» **EXERCISE PROMPT**
With pictures omitted, copy exactly every line from the one that contains "Tiang-tiang makan badan" to the end of the listing below.

» **DATASET SECTION**
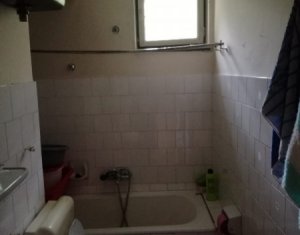 Vanzare apartament de 3 camere, 54 mp, decomandat, etajul 1, Plopilor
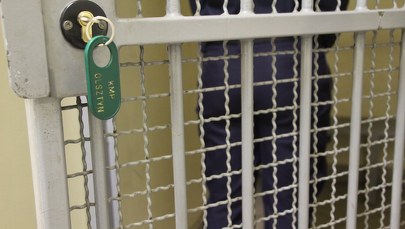 Był zmęczony ukrywaniem się. Przyszedł spakowany na policję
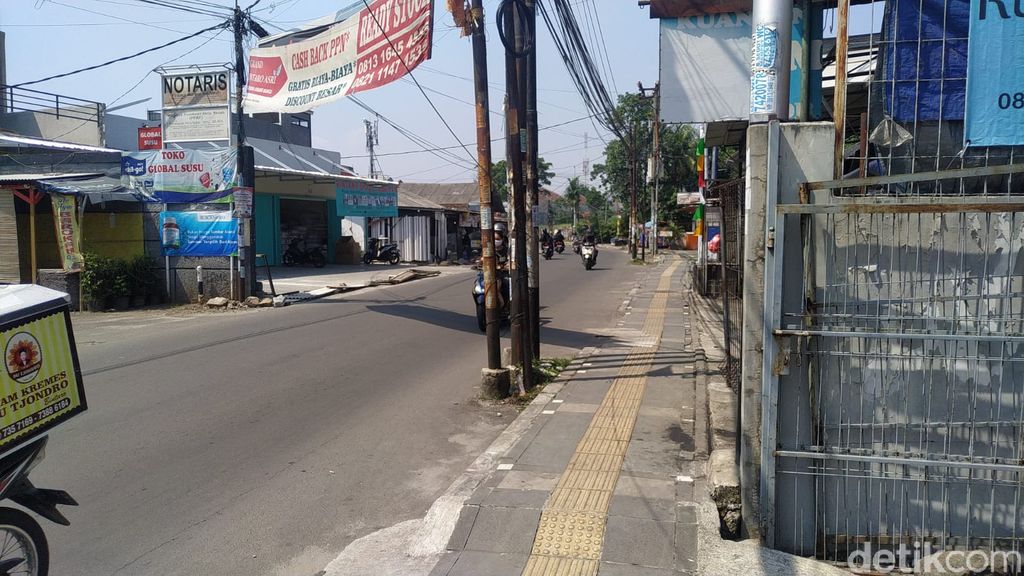 Tiang-tiang makan badan jalan di Jl WR Supratman, Ciputat Timur, Tangsel, 26 Agustus 2021. (Athika Rahma/detikcom)
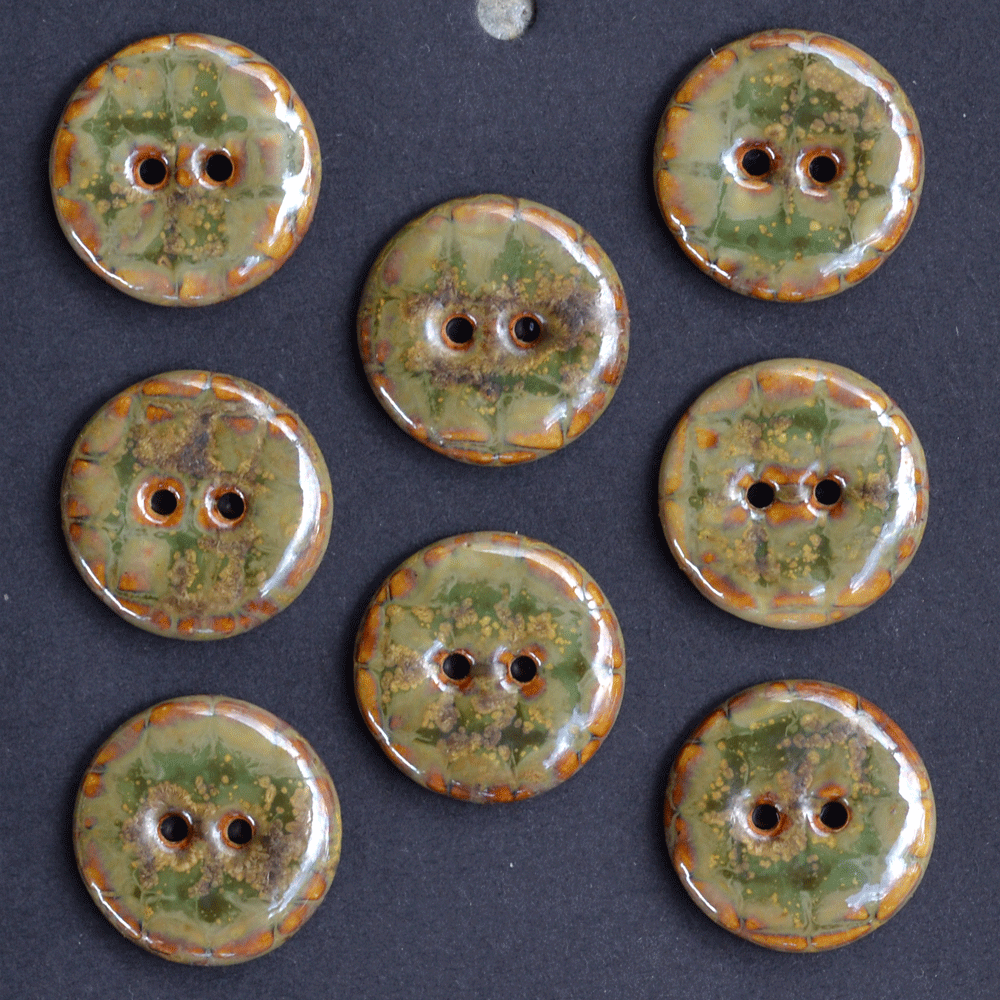 8 pcs. 18mm ceramic buttons olive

» **TASK OUTPUT**
 Tiang-tiang makan badan jalan di Jl WR Supratman, Ciputat Timur, Tangsel, 26 Agustus 2021. (Athika Rahma/detikcom)
 8 pcs. 18mm ceramic buttons olive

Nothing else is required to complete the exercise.